- Av gecikince beklemekten usanır, sıkılırlar da acaba gördüğümüz av mıydı, hayal miydi derler.
- چون بماند دیر گویند از ملال ** صید بود آن خود عجب یا خود خیال
- Bir an istirahat ederek güçlenip kuvvetlenmeleri daha doğrudur. 3730
- مصلحت آنست تا یک ساعتی ** قوتی گیرند و زور از راحتی
- Eğer gece olmasaydı bütün halk, hırstan, isteklerinin üstüne titremeden kendilerini yakar, helâk ederlerdi.
- گر نبودی شب همه خلقان ز آز ** خویشتن را سوختندی ز اهتزاز
- Herkes bir şey elde etmek, bir kâr kazanmak hevesiyle bedenini ateşlere atmış, yanıp yakılmıştır.
- از هوس وز حرص سود اندوختن ** هر کسی دادی بدن را سوختن
- Bir müddet hırslarından kurtulsunlar diye gece, Allah rahmeti gibi zuhur etti.
- شب پدید آید چو گنج رحمتی ** تا رهند ازحرص خود یکساعتی
- Yolcu, sana da bir sıkıntı, bir gönül darlığı geldi mi alevlenme, meyus olma… Senin için muvafıktır o.
- چونک قبضی آیدت ای راهرو ** آن صلاح تست آتش دل مشو
- Çünkü ferahlık ve genişlik zamanında varını, yoğunu harcedip duruyorsun demektir. Harcetmeye karşılık bir de gelir lâzım elbet! 3735
- زآنک در خرجی در آن بسط و گشاد ** خرج را دخلی بباید زاعتداد
- Ya mevsimi sürüp gitseydi güneş, bağları, bahçeleri yakar kavururdu.

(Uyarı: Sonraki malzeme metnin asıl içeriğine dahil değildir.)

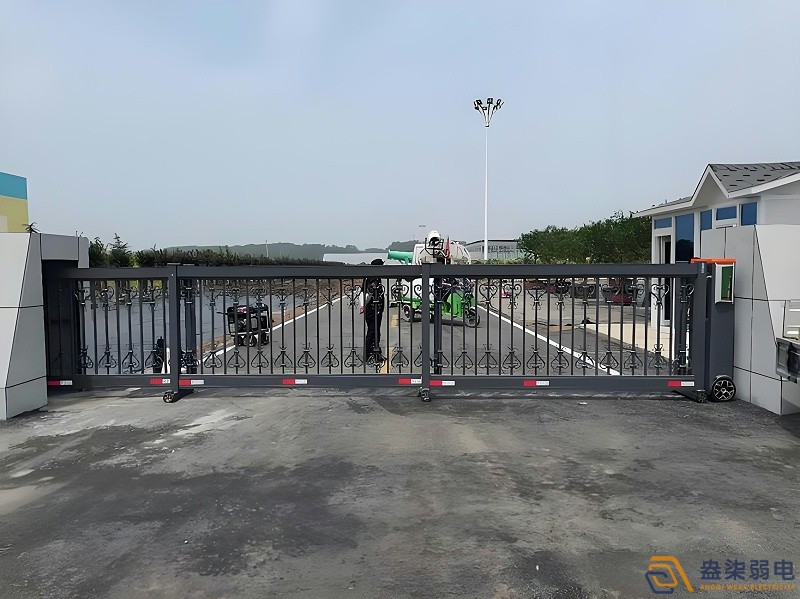 工厂大门优选—段滑门优势多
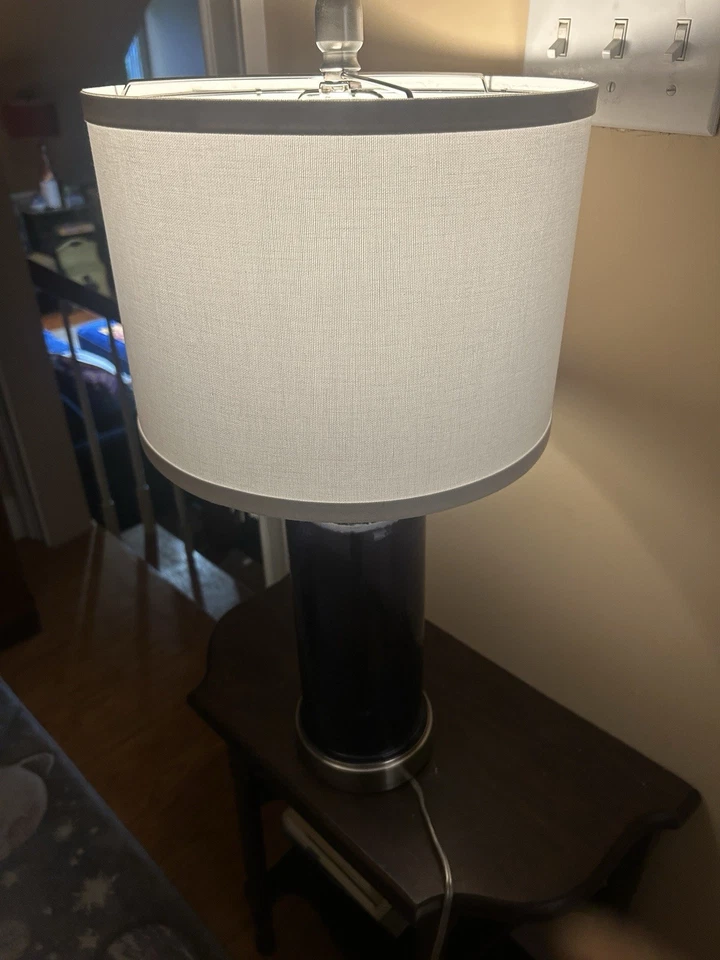 2 lámparas de vidrio azules de 26 pulgadas para cabecera o sala de estar. Puertos USB de control táctil. Foto 3 de 4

- گر هماره فصل تابستان بدی ** سوزش خورشید در بستان شدی
- Nebatları kökünden yakardı, bir daha o yanıp kavrulan şeyler yenilemezdi, yeşerip tazelenmezdi.
- منبتش را سوختی از بیخ و بن ** که دگر تازه نگشتی آن کهن
- Kışın yüzü ekşidir ama şefkatlidir... yaz gülümser ama yakar, yandırır!